Reklama

Miał doprowadzić do tytułu, doprowadzał do rozpaczy. Sto lat, Manu!

redakcja

Autor:redakcja

28 sierpnia 2016, 10:20 • 2 min czytania 0 komentarzy

– Wpadł nam – a także Markowi Jóźwiakowi – w oko właśnie pomocnik Maritimo. W grudniu nie było możliwości sprowadzenia go do Polski, teraz się nadarzyła. Cieszę się, bo to transfer z pożytkiem dla całej ligi – mówił, gdy sprowadzał Manu do Legii Mariusz Piekarski. Jak okrutnie się pomylił, wiadomo było już po pierwszym sezonie Portugalczyka. Pierwszym i tak naprawdę ostatnim, bo kolejnego nie skończył już w Warszawie, a w Pekinie.

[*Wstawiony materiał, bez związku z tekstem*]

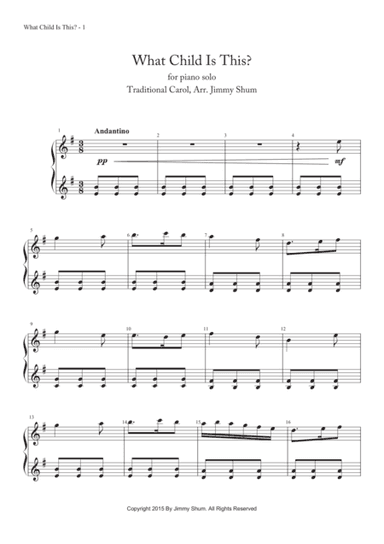 What Child Is This / Greensleeves (arr. Jim Shum)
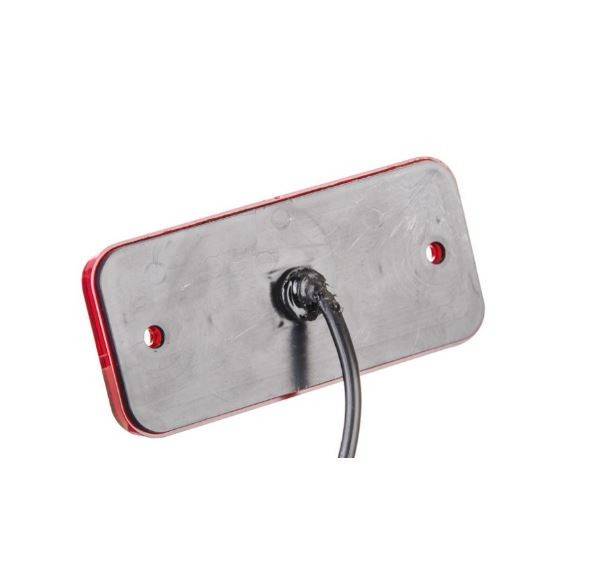 Lampa marcaj lateral rosie 3 LED-URI 11x5 cm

Miał doprowadzić do tytułu, doprowadzał do rozpaczy. Sto lat, Manu!

Aż dziw bierze, że Chińczycy tę wpadkę Legii postanowili wtedy zrekompensować z nawiązką, płacąc dwa razy tyle, ile warszawski klub przelał półtora roku wcześniej na konto Maritimo. Manu bowiem był jednym z najbardziej irytujących piłkarzy, jacy kiedykolwiek zameldowali się przy Łazienkowskiej. Gdyby wtedy ogólnodostępne były statystyki niecelnych podań i dośrodkowań, nie mamy żadnych wątpliwości – wszyscy byliby świadomi, że Manu nie ma sobie w naszej lidze równych. Podobno ktoś kiedyś widział, jak w jednym meczu posyła dwa celne dośrodkowania, ale z tego co nam wiadomo, ta sama osoba utrzymuje, że ucięła sobie pogawędkę z Cthulhu i gołymi rękami zabiła niedźwiedzia brunatnego.

Czego wypada mu życzyć w dniu 34. urodzin? Żeby on, albo jego menedżer, poszedł na lekcje do pierwszego lepszego youtubera i poznał tajniki montażu w taki sposób, by eliminować niedoskonałości. Może dzięki temu uda się po ponad roku przerwy od piłki znaleźć wreszcie Manu klub, gdzie ktoś po testach wciąż nie będzie świadom, z jakim ananasem ma do czynienia.

Najnowsze

Komentarze

0 komentarzy

Loading...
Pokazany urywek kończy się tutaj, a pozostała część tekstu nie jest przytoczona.